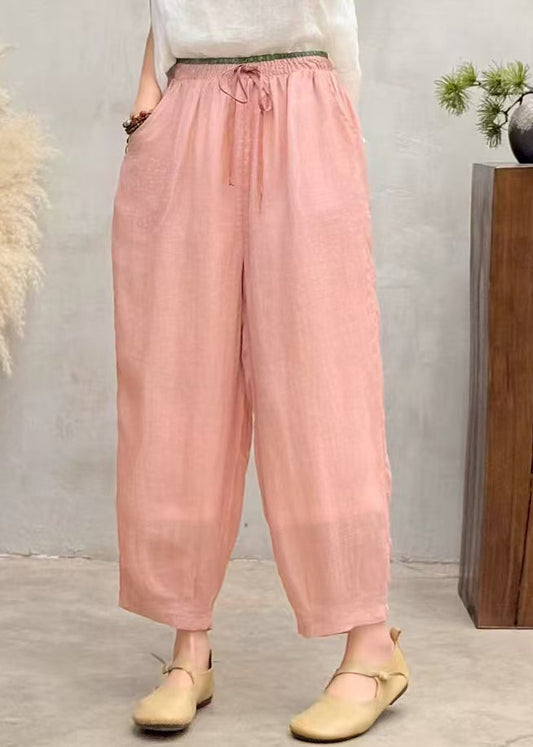 Elegantly Styled Trousers for Everyday Wear
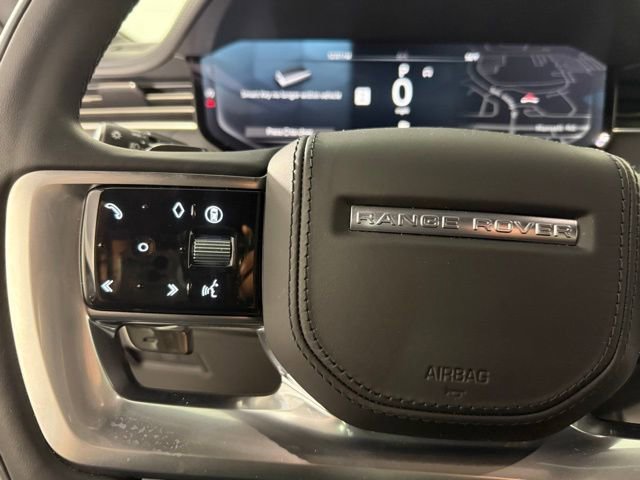 Certified 2025 Land Rover Range Rover SV AWD/4WD image 18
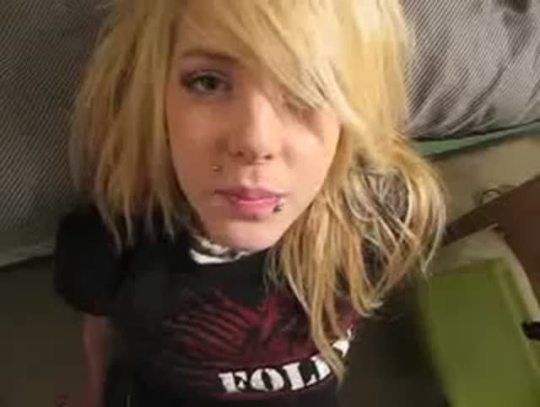 pornlion:  Teen Emo just wants that dick | pornlion.tumblr.com For other videos; http://pornlion.tumblr.com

REQUIRED WORK: Omitting all pictures, give the preceding listing again exactly.

RESULT OF THIS EXERCISE:
 Elegantly Styled Trousers for Everyday Wear
 Certified 2025 Land Rover Range Rover SV AWD/4WD image 18
 pornlion:  Teen Emo just wants that dick | pornlion.tumblr.com For other videos; http://pornlion.tumblr.com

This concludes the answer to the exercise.